Loads a .wav file as a numpy array using scipy.io.wavfile.

Parameters:

path : str

Path to a .wav file

mono : bool

If the provided .wav has more than one channel, it will be converted to mono if mono=True. (Default value = True)

Returns:

audio_data : np.ndarray

Array of audio samples, normalized to the range [-1., 1.]

fs : int

Sampling rate of the audio data

mir_eval.io.load_valued_intervals(filename, delimiter='\\s+')

Import valued intervals from an annotation file. The file should consist of three columns: Two consisting of numeric values corresponding to start and end time of each interval and a third, also of numeric values, corresponding to the value of each interval. This is primarily useful for processing events which span a duration and have a numeric value, such as piano-roll notes which have an onset, offset, and a pitch value.

Parameters:

filename : str

Path to the annotation file

delimiter : str

Separator regular expression. By default, lines will be split by any amount of whitespace.

Returns:

intervals : np.ndarray, shape=(n_events, 2)

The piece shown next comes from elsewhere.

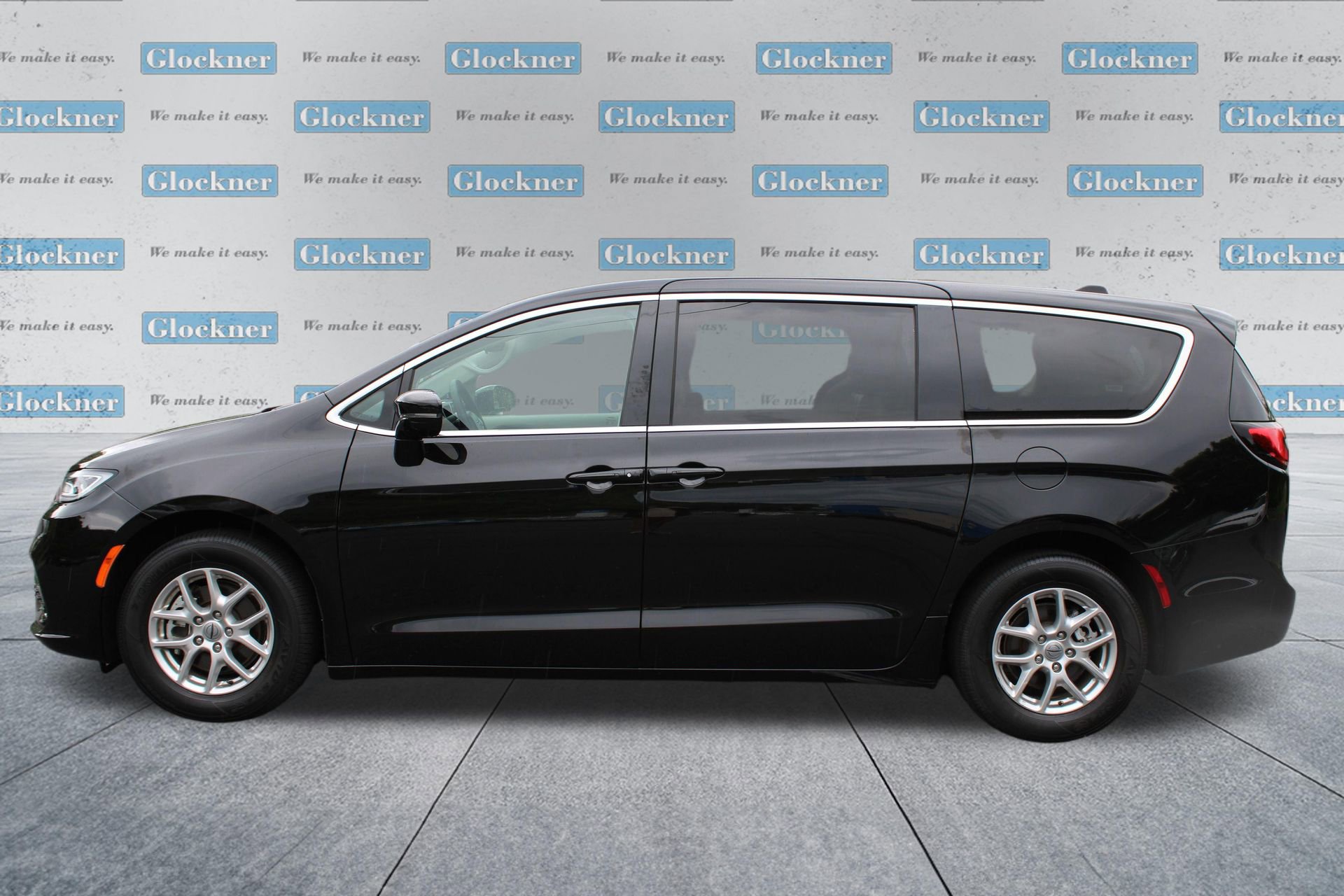 Used 2024 Chrysler Pacifica Touring-L FWD image 10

Array of event start and end times

values : np.ndarray, shape=(n_events,)

Array of values

mir_eval.io.load_key(filename, delimiter='\\s+')

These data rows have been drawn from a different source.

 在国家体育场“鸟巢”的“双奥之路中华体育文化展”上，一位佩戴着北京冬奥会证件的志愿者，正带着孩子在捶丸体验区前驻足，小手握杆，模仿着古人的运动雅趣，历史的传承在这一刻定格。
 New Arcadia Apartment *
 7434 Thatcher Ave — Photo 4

Load key labels from an annotation file. The file should consist of two string columns: One denoting the key scale degree (semitone), and the other denoting the mode (major or minor). The file should contain only one row.

Parameters:

filename : str

Path to the annotation file

delimiter : str

Separator regular expression. By default, lines will be split by any amount of whitespace.

Returns:

key : str

Key label, in the form '(key) (mode)'

mir_eval.io.load_tempo(filename, delimiter='\\s+')

Load tempo estimates from an annotation file in MIREX format. The file should consist of three numeric columns: the first two correspond to tempo estimates (in beats-per-minute), and the third denotes the relative confidence of the first value compared to the second (in the range [0, 1]). The file should contain only one row.

Parameters:

filename : str

Path to the annotation file

delimiter : str

Separator regular expression. By default, lines will be split by any amount of whitespace.

Returns:

tempi : np.ndarray, non-negative

The two tempo estimates

weight : float [0, 1]

The relative importance of tempi[0] compared to tempi[1]

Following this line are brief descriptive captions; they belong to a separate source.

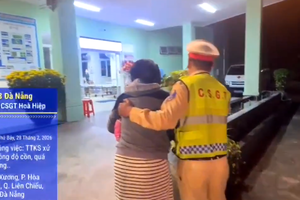 CSGT Đà Nẵng dùng xe đặc chủng đưa người bệnh đi cấp cứu trong đêm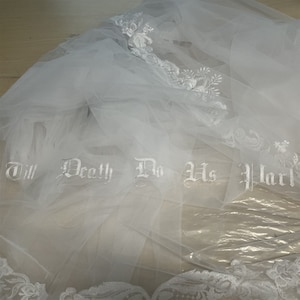 Velo de bordado liso, velo de bordado 'Hasta que la muerte nos separe', bordado personalizado en el velo, nombre personalizado, fecha de boda personalizada, regalos de recuerdo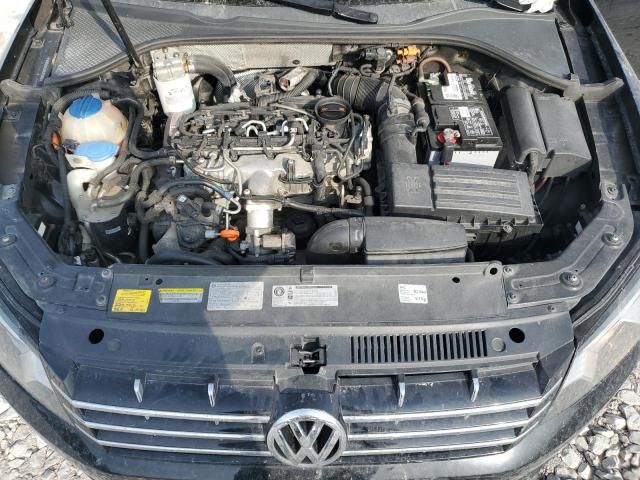 2014 Volkswagen Passat SEL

mir_eval.io.load_ragged_time_series(filename, dtype=<type 'float'>, delimiter='\\s+', header=False)

Utility function for loading in data from a delimited time series annotation file with a variable number of columns. Assumes that column 0 contains time stamps and columns 1 through n contain values. n may be variable from time stamp to time stamp.

Parameters:

filename : str

Path to the annotation file

dtype : function

Data type to apply to values columns.

delimiter : str

Separator regular expression. By default, lines will be split by any amount of whitespace.

header : bool

Indicates whether a header row is present or not. By default, assumes no header is present.

Returns:

times : np.ndarray

array of timestamps (float)

values : list of np.ndarray

list of arrays of corresponding values

Examples

>>> # Load a ragged list of tab-delimited multi-f0 midi notes
>>> times, vals = load_ragged_time_series('multif0.txt', dtype=int,
                                          delimiter='\t')
>>> # Load a raggled list of space delimited multi-f0 values with a header
>>> times, vals = load_ragged_time_series('labeled_events.csv',
                                          header=True)

mir_eval.sonify

Methods which sonify annotations for “evaluation by ear”. All functions return a raw signal at the specified sampling rate.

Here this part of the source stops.